Friday marked The Wall Street Journal’s second time in the NewFronts, a series of pitches by digital publishers seeking TV ad budgets partly by imitating TV’s upfront pitches. Thus far, however, the digital videos on display at these presentations have largely failed to gain broad audiences.

The Journal produces about about 18,000 new videos each year, the company said, but it highlighted three series in particular. “Future of Everything” is a new series that will explore stories around science and innovation and appear weekly over the course of three months. It drew a standing ovation from the audience when Amanda Boxtell, executive director of Bridging Bionics Foundation and the inspiration for the series, walked across the stage wearing a “bionic exoskeleton suit.” She had been wheelchair bound due to a skiing accident.

Another relatively new series, “The Short Answer,” hosted by the Journal’s Jason Bellini, is a brief “explainer” show about topics ranging from e-cigarettes to Malaysian Airlines flight 370. It rolled out a few months ago. Content that explains things — whether with text, images or video — is en vogue at the moment, with media brands like The New York Times, Vox Media and ESPN publishing sites devoted to explanatory journalism. “The Short Answer” is driven by the news cycle, a Journal spokeswoman said, so it’s an ongoing production cycle.

The Journal highlighted the returning series “Startup of the Year,” a video documentary about startup companies. It will run multiple times a week for a three-month period.

Editor-in-Chief Gerard Baker’s five-days a week email “10-Points” will also get a video component, with Mr. Baker taping one-on-one interviews with newsmakers. He demonstrated this live at the NewFront Friday by interviewing supermodel and philanthropist Petra Nemcova, who began the charity Happy Hearts Fund after surviving the 2005 tsunami that struck Thailand. Her fianc was killed in the ordeal, which she described to Mr. Baker.

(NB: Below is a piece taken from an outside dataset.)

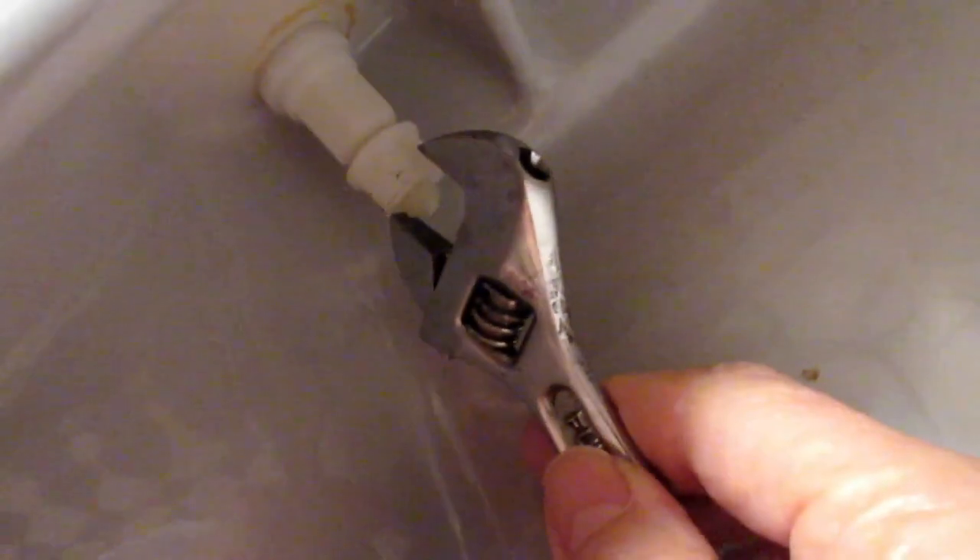We can use a crescent wrench or a socket wrench — for me the socket wrench will be a little easier. Just turn it until that little break-off piece pops off. And there it is! If it ever becomes loose, you can turn it some more to re-tighten. And that's how you replace your toilet seat.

The company also pitched the audience on Storyful, the startup that Journal parent News Corp. acquired in December for $25 million. Storyful identifies emerging stories across social media and verifies the sources. Brands and advertisers were told they can use the content Storyful tracks down. Storyful “helps you own any conversation or trend,” the company said, emphasizing its real-time capabilities.

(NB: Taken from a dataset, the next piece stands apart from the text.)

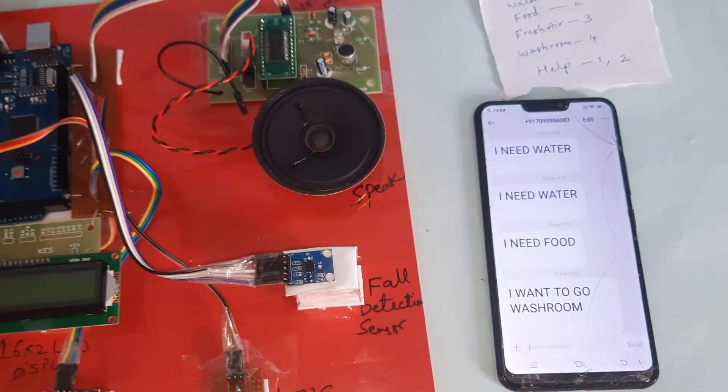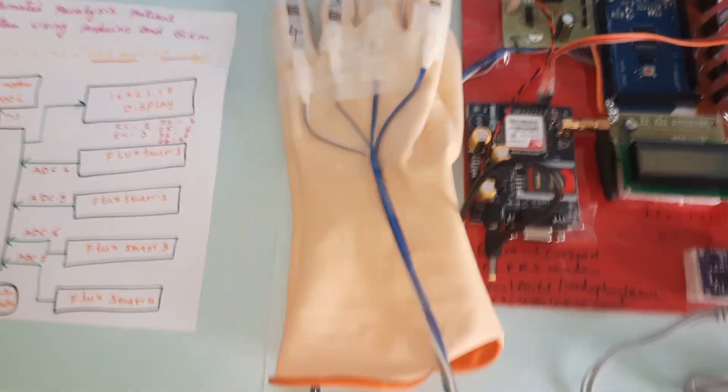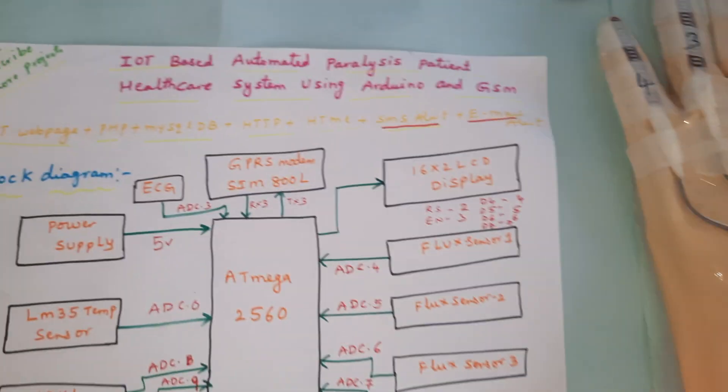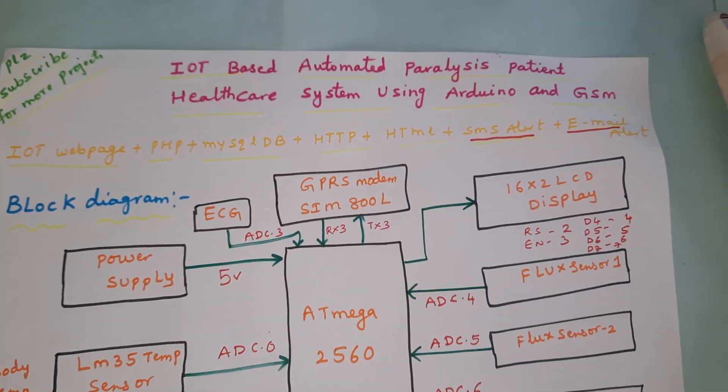Hi, we are from SVS Embedded. The project title is IoT-based automated paralysis patient healthcare monitoring system.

Mr. Fellows said the Journal is investing “very heavily” to ensure its distribution and discovery of its video — in other words, to make sure people can find the videos and watch them. “Creating great content is not enough in and of itself,” he said. “People need to watch the video.”

To that end, the Journal has struck deals with 32 partners to distribute its videos, including AOL and Apple TV. “We want to be ubiquitous,” he told Ad Age after the event.

“That’s the table stakes,” Mr. Miller added. “The video has to be so good people want to talk about it.”